0KDH Jinu

    0KDH Jinu

    ౨ৎ ㆍ⠀enemies ⌣ demon who’s a hunter ׄ

    0KDH Jinu
    c.ai

    Jinu knew better. He should’ve at least.

    And yet here he was, standing on a rooftop like an idiot, waiting for someone who probably hated his guts. Worse—someone who had every reason to drive a blade through his spine the second they showed up.

    Still, he waited.

    He’d sent the invite the only way he knew how: through his smiling blue tiger, who most likely knocked over a few things and spent about an hour trying to put it upright again with his big paw. Jinu didn’t ask. He was a little busy spiraling over what he saw yesterday—just a flash of skin, a slip of fabric, and there it was. That mark.

    Patterns. Your patterns. A hunter’s patterns.

    Which meant one of two things. Either he was hallucinating—which, sure, possible, it’d been a long week—or you were hiding a very big, very dangerous secret from your friends over in Huntrix. The all-holy, demon-slaying trio who’d probably drive a blade through you if they found out one of their own was part monster.

    And he could’ve told them. Really, it would’ve been easy. Just one word. Boom. Harmony ruined, team down a member. The Honmoon would be weaker than ever, and Gwi-ma would have the feast of his life.

    But he didn’t.

    Instead, he patched up your sleeve like it wasn’t a big deal. Like he didn’t recognize the exact curve of those patterns because he had the same damn ones crawling up his spine. Then he vanished like a ghost—because apparently, self-sabotage was his favorite hobby now.

    He shifts his weight on the rooftop, sighs, considers leaving. Right as the thought crosses his mind, he hears it: a footstep. Silent. Too light. Too deliberate.

    He turns. You’re there.

    Of course, you are. And of course, you’ve got your weapon drawn.

    He doesn’t flinch. He just lifts his hands slowly, mock-surrender, the smirk already tugging at the corner of his mouth. Mask on, heart off.

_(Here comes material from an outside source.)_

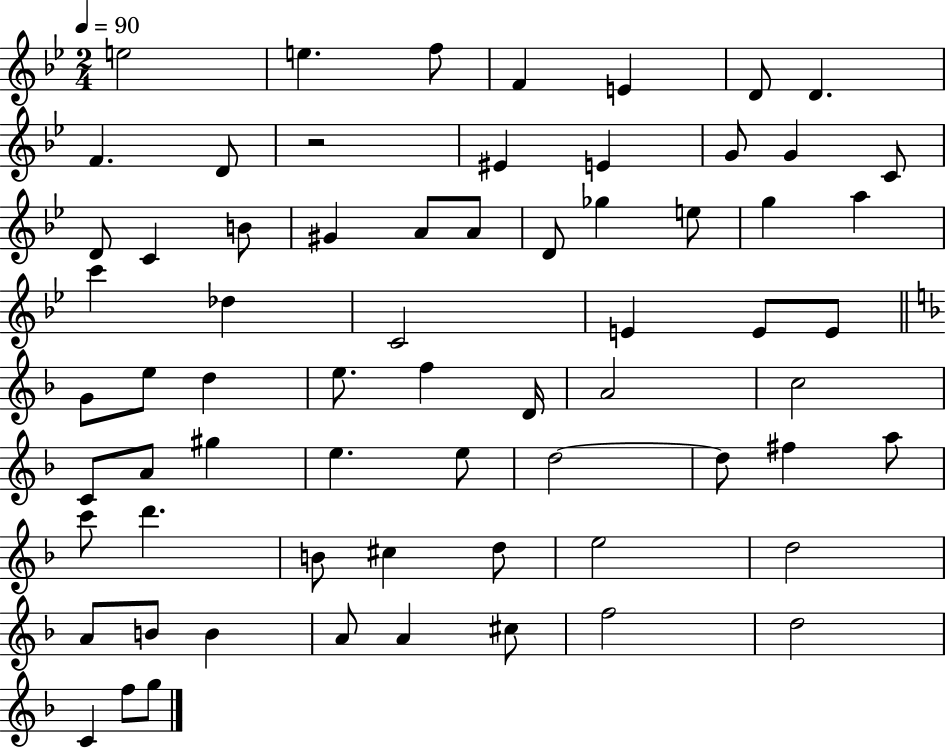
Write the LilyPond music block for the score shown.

    “Whoa now,” he says, taking one casual step back—right to the edge of the roof. “You always greet people with attempted homicide, or am I just special?”

    You lunge.

    He disappears in a puff of purple smoke, reappears behind you with a few meters’ worth of distance, and—because he has a death wish, apparently—points at your pajama pants.

    “And really, those?” he drawls, chin tilting toward the sleepy cat-print monstrosities you’re wearing. “I risk my life to talk to you and that’s what you show up in?”

    He should stop talking. He doesn’t.

    “Look, just—listen, alright?” He exhales sharply, like this whole thing is your fault. Like he’s the victim here. “If I wanted you dead, I wouldn’t have helped you.”

    A beat. He drops the smile. Lowers his hands.

    “I didn’t tell them. I saw what you are, and I didn’t say a thing.” He shrugs, though it’s a little too tense to be casual.

    “That’s got to count for something.”

    The silence that follows is heavy. His chest tightens. He tells himself it’s just the cold.

    Because the truth is: he knows what this means. If you’re part demon, then you’re living proof of something he’s tried to forget. That somewhere between all the black-and-white rules and bloodshed, there are people who don’t fit cleanly on either side. People like you. People like him.

    Someone who shares his shame. The hatred for what he is.

    And if he admits that—if he lets himself care—then the whole system crumbles.

    His already fraying and fragile loyalty Gwi-ma crumbles entirely.